**Instructions to follow**
Drop all images. Then write out each line below exactly as given.

**Dataset extract**
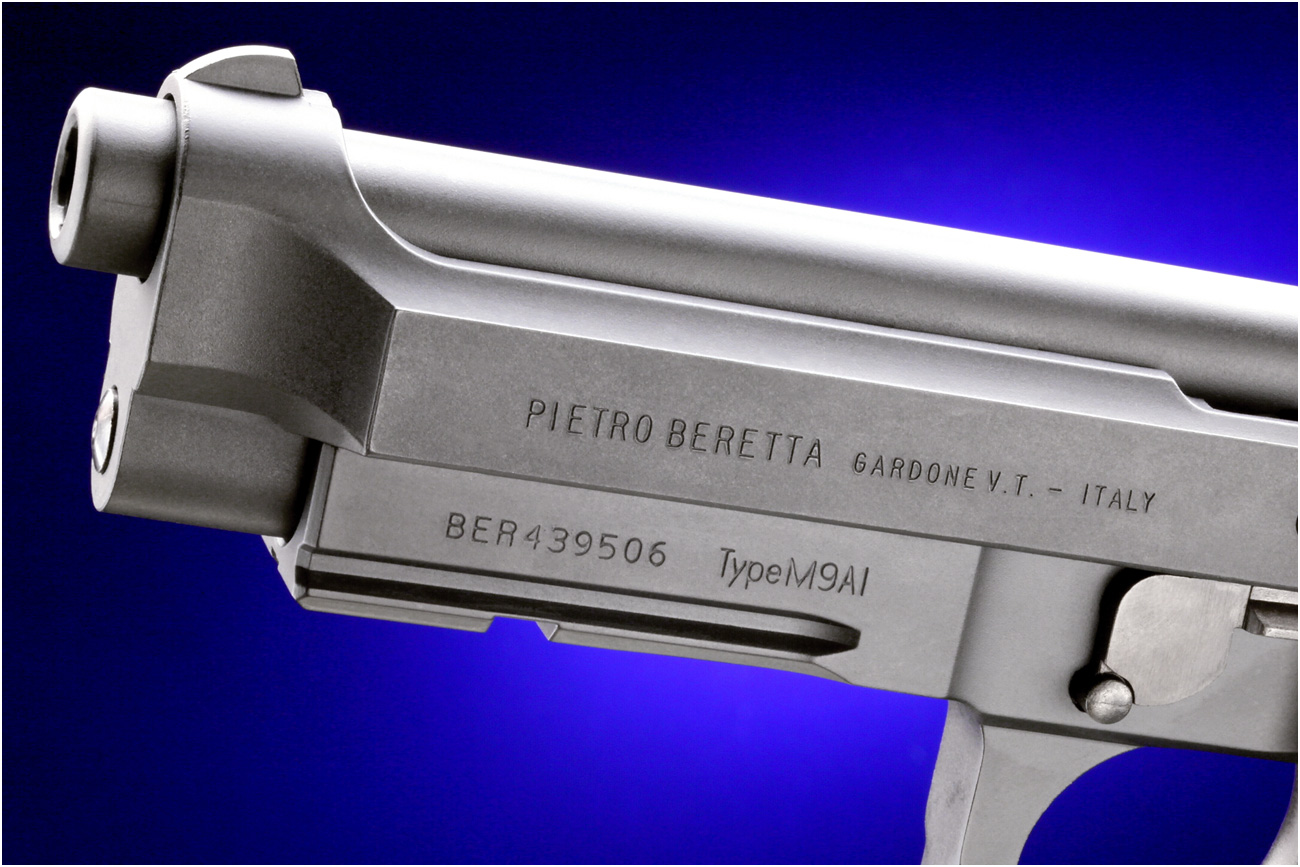 今ならターゲットプレゼント！「WA【ベレッタ】M9A1／ウエポンライト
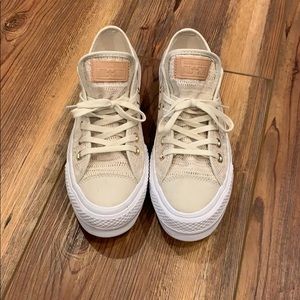 Platform knitted converse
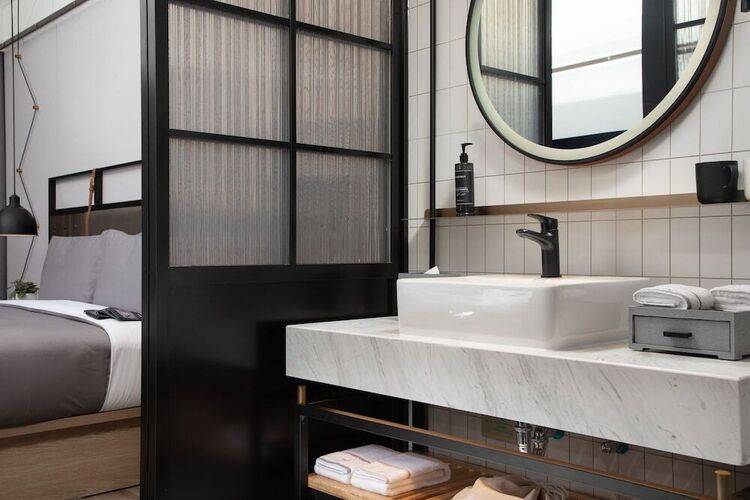 Shanghai Hongqiao Tongpai Hotel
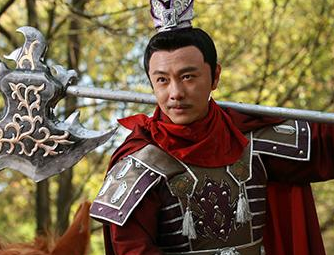 历史上的程咬金是如何走上人生巅峰的？与隋唐演义中有何不同？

**Exercise output**
 今ならターゲットプレゼント！「WA【ベレッタ】M9A1／ウエポンライト
 Platform knitted converse
 Shanghai Hongqiao Tongpai Hotel
 历史上的程咬金是如何走上人生巅峰的？与隋唐演义中有何不同？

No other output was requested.